Le coup du mépris
14 février 2009
Il serait grand temps que les francophones du Canada se tiennent debout et fassent respecter, par exemple, leurs usages linguistiques. Rien ne m'insulte davantage que de lire, par exemple, dans un document produit par une institution canadienne ou provinciale, un horaire dans lequel on nomme les repas "petit déjeuner", "déjeuner" et "dîner". Soyons honnêtes, qui donc au Canada ou au Québec dîne le soir? Comment se fait-il que, en tant que traducteur, je ne puisse pas recourir à un dictionnaire de la langue canadienne-française sans risquer les foudres du réviseur (qui se fonde presque toujours sur un "Robert" édité à Paris, alors que mon "Canadian Oxford Dictionary", lui, fait presque toujours l'affaire quand je traduis vers l'anglais? La question mérite d'être posée, et j'en viens parfois à préférer la traduction vers l'anglais pour cette raison. Je suis particulièrement bien placé pour contribuer à une canadianisation accrue de la langue, mais je risque de perdre mon travail à trop vouloir ébranler certaines conventions, lesquelles me demandent parfois de m'agenouiller devant Paris, que j'admire beaucoup, certes (notamment le portrait qu'en brosse un Victor Hugo), mais qui me reste plutôt étranger. De plus, le Canadien que je suis n'a pas à s'agenouiller devant la capitale d'un pays que nous avons contribué à libérer en 1944. Nous sommes politiquement étrangers à la France depuis 1763, et, on ne le rappelle pas très souvent, ce sont les Anglais qui ont amené l'imprimerie au Canada. Car sous le Régime français, nous n'avions pas même le droit d'ouvrir une petite brasserie. On dirait que les deux grandes langues de notre pays composite n'arrivent à se réconcilier que dans les littératures.
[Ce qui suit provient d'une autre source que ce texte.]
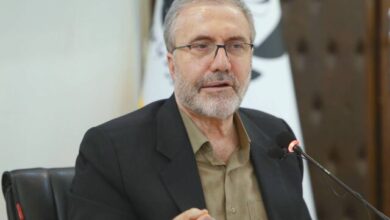 به گزارشمشاور خانواده، دکتر حسین ذوالفقاری در سومین نشست تخصصی معاونان، مشاوران، مدیران کل و دبیران شورای هماهنگی مبارزه با موادمخدر استان‌های سراسر کشور با عنوان «تبیین طرح مراکز امید و زندگی» و تدوین «برنامه عملیاتی سال ۱۴۰۵» که در سالن شهید صفری ستاد مبارزه با موادمخدر برگزار شد، با اشاره به اتفاقات ونزوئلا اظهار کرد: اتفاقات ونزوئلا نشان‌دهنده نقض صریح تمام اصول‌ها و کنوانسیون‌های بین‌المللی است و در واقع سیستم استکبار به دوران وحشی‌گری‌ای برگشته که در آن بی‌قانونی در جهان وجود داشت.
Quant aux déclarations du président de cette Ve République, il est évident qu'il ne connaît rien à la politique canadienne (et encore moins à la québécoise). Sait-il seulement qu'un nombre non négligeable de francophones vivant au Québec continuent de s'identifier comme Canadiens-français sans oser l'affirmer tout haut? Les francophones du Canada sont aujourd'hui divisés entre Canadiens-français et Québécois, et ce, au Québec même. C'est une situation parfois très pénible.